You can save on S3 costs through strategies such as the strategic selection of your table format and caching.

Apache Iceberg

Iceberg was designed to improve the Hive table format by adding update and delete capabilities to data lakes. Previously, you could only do so with data warehouses. What many people don’t realize is that adopting the Iceberg format can also help minimize those hidden S3 costs.

You can use Iceberg to configure larger file sizes. Doing so, each partition will have fewer objects, thereby querying less data and reducing S3 GET requests. A blog written by Deniz Parmaksız, a Senior Machine Learning Engineer at Insider, further explains how their team used Iceberg to reduce costs by 90%.

Reduce GET Requests with a Caching Strategy

Most applications that access data stored in S3 have a common set of objects that are repetitively queried. If you see that a workload is sending repetitive GET requests, it is best practice to implement a caching strategy with technologies like Amazon CloudFront or Amazon ElastiCache.

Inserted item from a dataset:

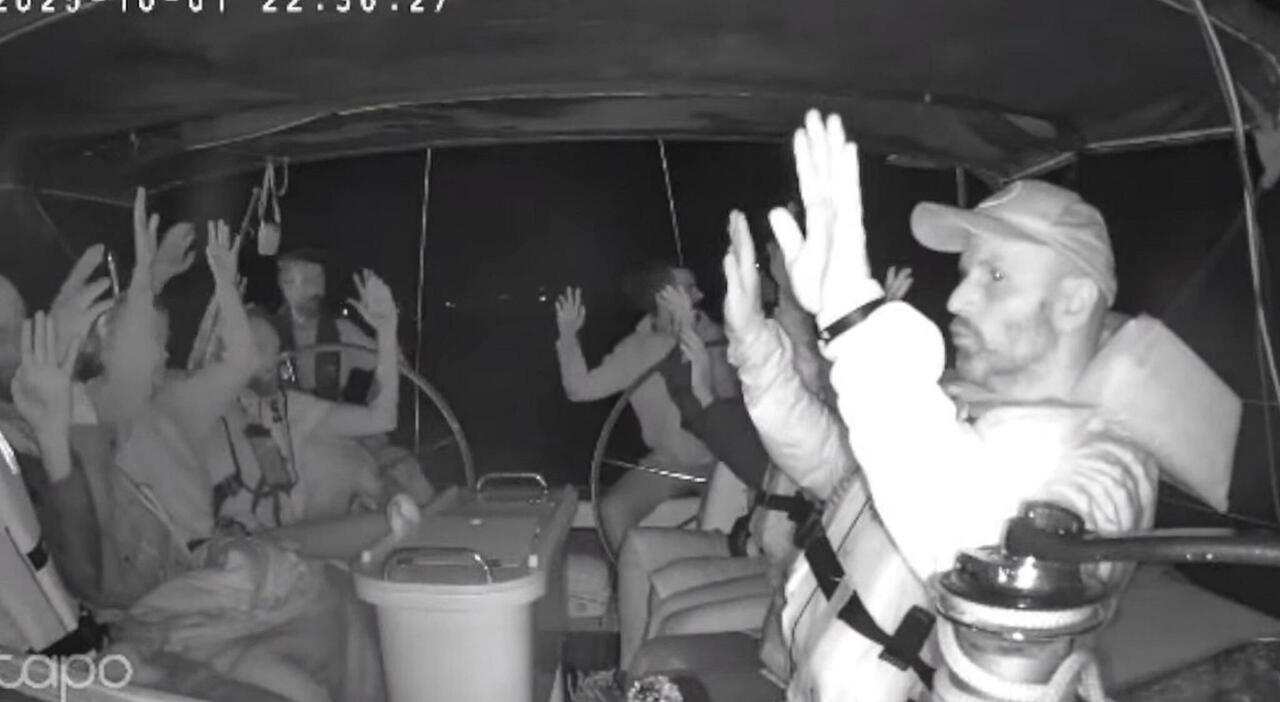 Flotilla, 30 barche ancora in mare verso Gaza. Gli attivisti: «Siamo a 46 miglia di distanza», cosa sta succedendo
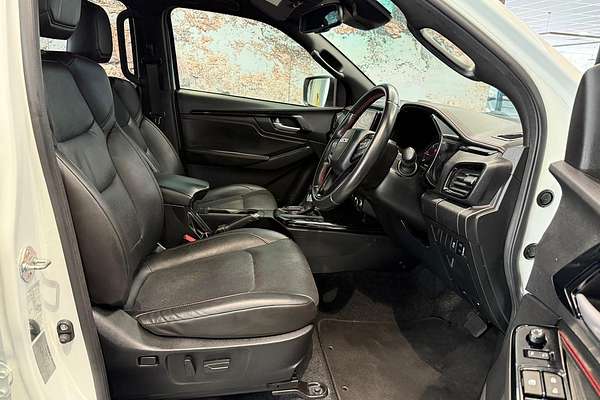 2022 Isuzu D-MAX X-TERRAIN 4X4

A successful data caching strategy not only results in low latency requests but can also help reduce the number of direct requests sent to S3, reducing costs.

It is important to note that an effective caching strategy can be difficult to implement if the repetitive queries are hard to predict. This is especially relevant when you’re dealing with multi-dimensional data that can be filtered in multiple ways—think fraud detection, telemetry data, or log analysis. In these examples, you’re often joining the core data with “helper” tables for relevant information like product names, location, etc. So, the best practice is to cache those helper tables since they are accessed so much.

In these cases, we recommend using technology like Starburst’s Warp Speed data lakehouse engine that dynamically and autonomously updates the cache based on analytical workload patterns. This means you don’t have to spend time manually implementing and monitoring your cache. Starburst customers like Junglee Games have seen Warp Speed reduce their S3 request costs by 70% and the subsequent reports run 30% faster.

Conclusion

Since the early days of data management, the landscape has undergone significant changes, with older technologies constantly being replaced by newer and improved ones. Trino represents the new generation of powerful query engines. However, it can still be inefficient in certain aspects, such as by causing a surge in S3 costs. New technologies and strategies, such as implementing Iceberg as your table format instead of Hive and indexing and caching with tools like Starburst Warp Speed, can decrease S3 costs and optimize query performance, leading to more efficient and cost-effective data analytics workflows.